What you have to do:
The reply should contain all the data below, repeated exactly, and none of the images.

━━ Extracted entries ━━

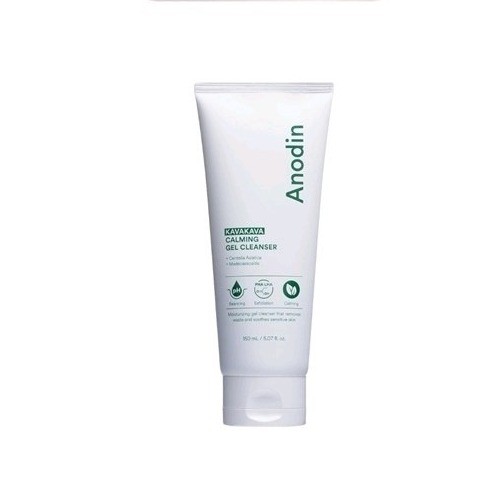 Sữa Rửa Mặt Anodin KavaKava Calming Gel Cleanser Ph5 5 Sạch Nhờn-Thông Thoáng Lỗ Chân Lông 150ml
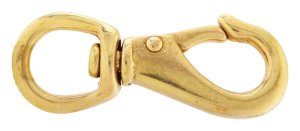 5/8 in. Dia. x 3-1/8 in. L Polished Bronze Quick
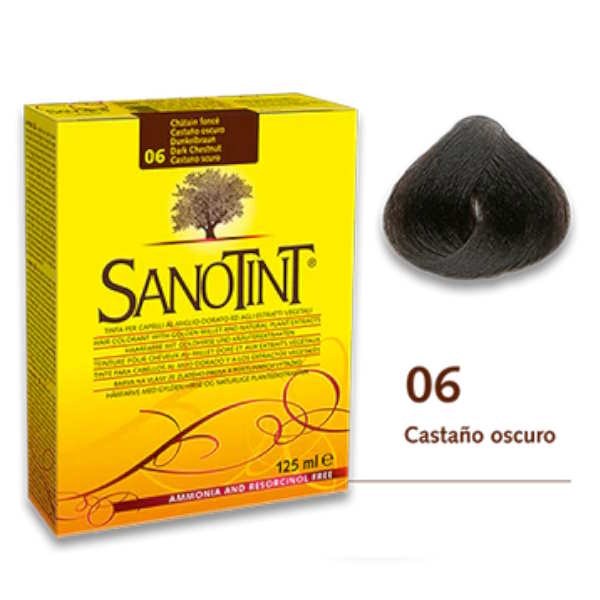 Tinte 06 Castaño Oscuro - Sanotint
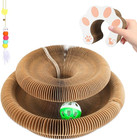 Goosheep Cat Accordion Magic Organ Cat Scratching Board Cat Toy Kitty Kurlz  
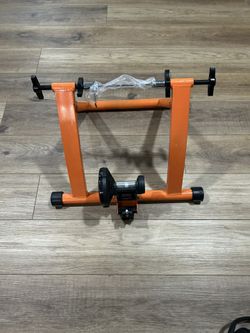 New bike trainer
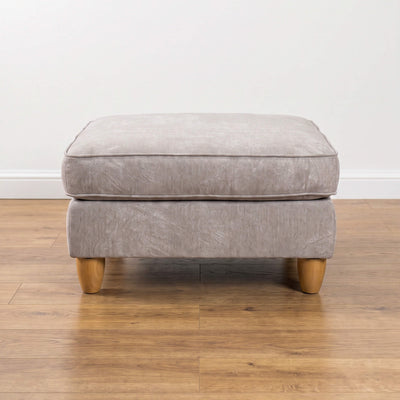Mary Beige Footstool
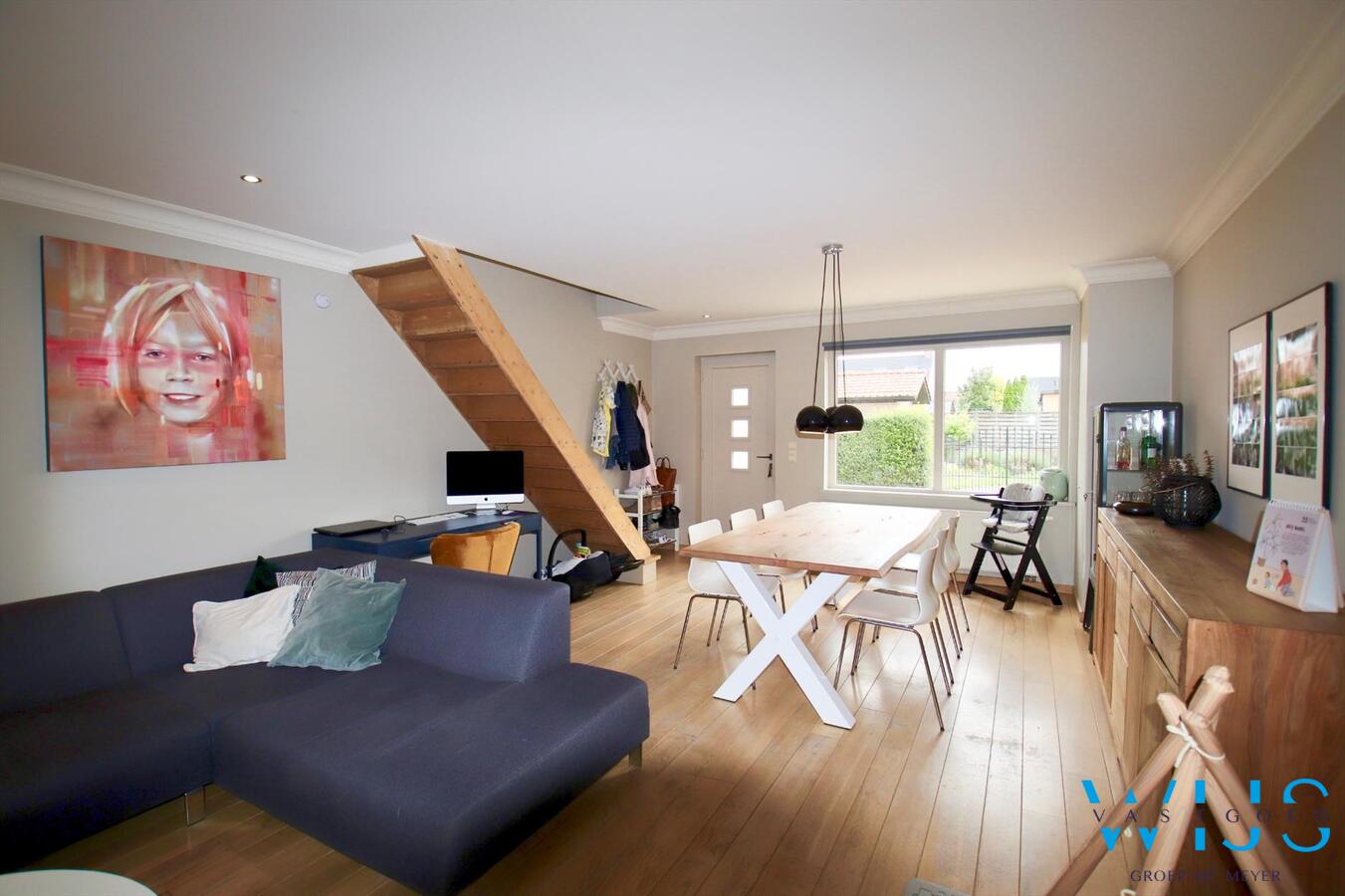 Leuk &amp; super gezellig woonhuis in hartje Sleidinge! 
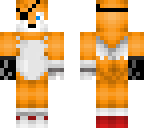 tails the pirate fox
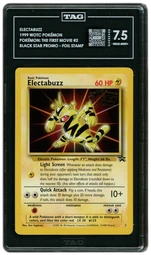 1999 Black Star Promo Electabuzz #2 TAG 7.5 on Beezie.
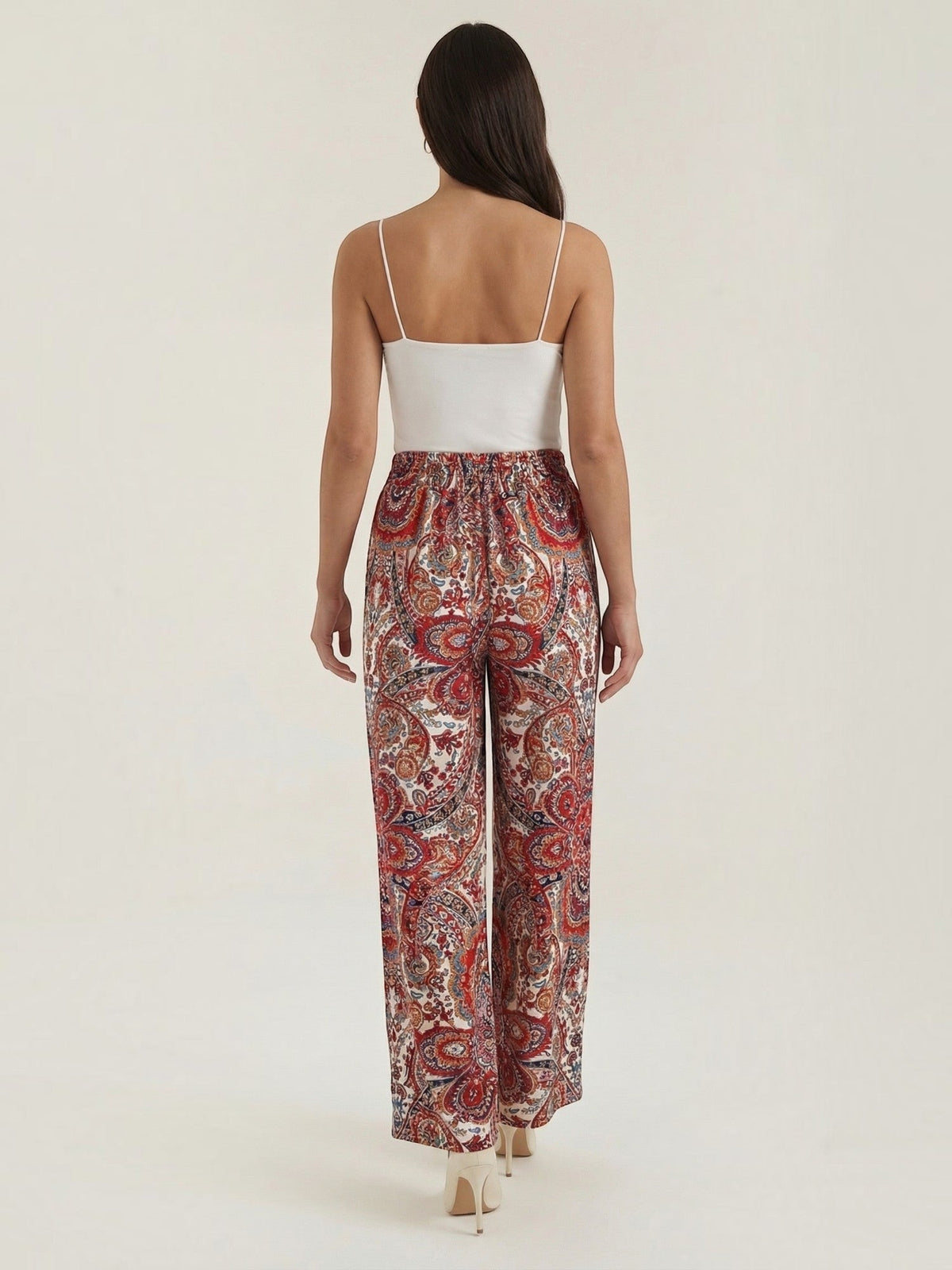 Pam Hose mit Paisley-print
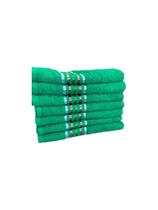 Toalhas de Banho Popular 68x1,35cm: verde bandeira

━━━

Output below:
 Sữa Rửa Mặt Anodin KavaKava Calming Gel Cleanser Ph5 5 Sạch Nhờn-Thông Thoáng Lỗ Chân Lông 150ml
 5/8 in. Dia. x 3-1/8 in. L Polished Bronze Quick
 Tinte 06 Castaño Oscuro - Sanotint
 Goosheep Cat Accordion Magic Organ Cat Scratching Board Cat Toy Kitty Kurlz  
 New bike trainer
Mary Beige Footstool
 Leuk &amp; super gezellig woonhuis in hartje Sleidinge! 
 tails the pirate fox
 1999 Black Star Promo Electabuzz #2 TAG 7.5 on Beezie.
 Pam Hose mit Paisley-print
 Toalhas de Banho Popular 68x1,35cm: verde bandeira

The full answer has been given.